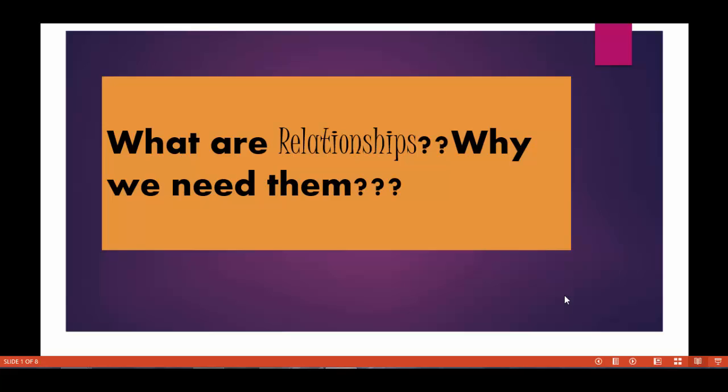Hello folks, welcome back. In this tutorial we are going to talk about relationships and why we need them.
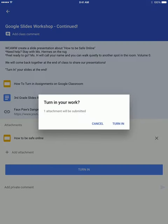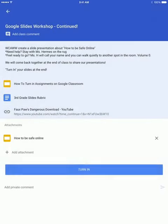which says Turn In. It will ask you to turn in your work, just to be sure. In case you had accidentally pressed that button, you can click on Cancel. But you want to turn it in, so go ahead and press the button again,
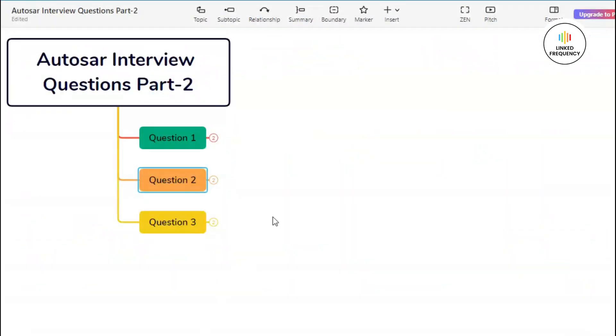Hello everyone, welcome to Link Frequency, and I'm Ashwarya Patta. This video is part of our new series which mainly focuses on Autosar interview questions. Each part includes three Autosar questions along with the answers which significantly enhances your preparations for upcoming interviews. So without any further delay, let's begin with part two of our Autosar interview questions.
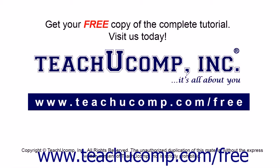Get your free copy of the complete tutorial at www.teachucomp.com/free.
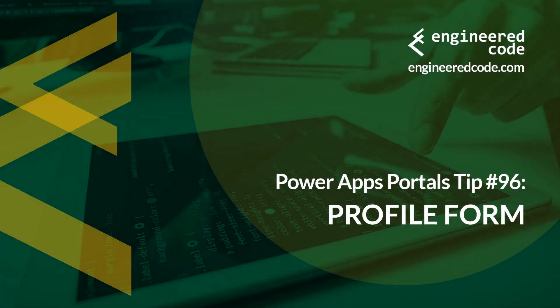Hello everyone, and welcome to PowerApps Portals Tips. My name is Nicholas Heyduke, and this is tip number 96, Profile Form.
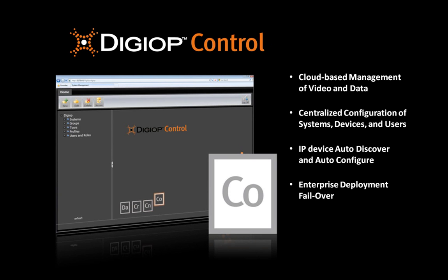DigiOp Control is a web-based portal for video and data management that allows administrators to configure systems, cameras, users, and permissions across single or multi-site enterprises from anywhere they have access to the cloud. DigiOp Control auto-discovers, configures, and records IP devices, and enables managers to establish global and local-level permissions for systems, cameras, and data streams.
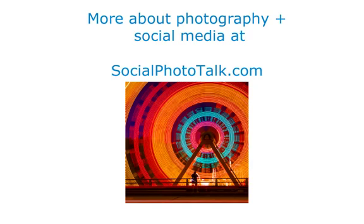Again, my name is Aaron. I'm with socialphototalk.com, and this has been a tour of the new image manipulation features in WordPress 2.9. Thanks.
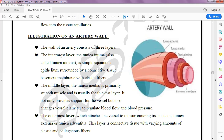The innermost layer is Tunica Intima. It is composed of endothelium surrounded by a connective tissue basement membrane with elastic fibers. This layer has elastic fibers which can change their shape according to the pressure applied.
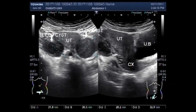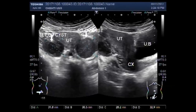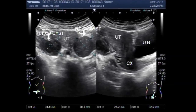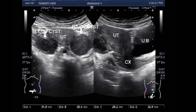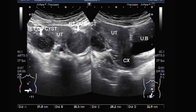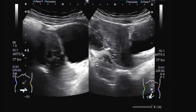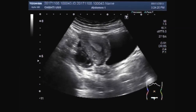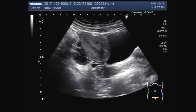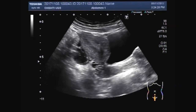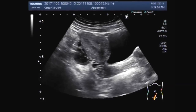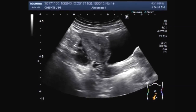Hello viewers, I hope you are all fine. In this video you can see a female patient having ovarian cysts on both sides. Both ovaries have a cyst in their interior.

· · · · · · ·

**Description of the task**
Would you give again exactly the lines from the line containing "DigiOp Control is" through the end of the listing, both ends included, without any pictures?

**Reply to the task**
DigiOp Control is a web-based portal for video and data management that allows administrators to configure systems, cameras, users, and permissions across single or multi-site enterprises from anywhere they have access to the cloud. DigiOp Control auto-discovers, configures, and records IP devices, and enables managers to establish global and local-level permissions for systems, cameras, and data streams.
Again, my name is Aaron. I'm with socialphototalk.com, and this has been a tour of the new image manipulation features in WordPress 2.9. Thanks.
The innermost layer is Tunica Intima. It is composed of endothelium surrounded by a connective tissue basement membrane with elastic fibers. This layer has elastic fibers which can change their shape according to the pressure applied.
Hello viewers, I hope you are all fine. In this video you can see a female patient having ovarian cysts on both sides. Both ovaries have a cyst in their interior.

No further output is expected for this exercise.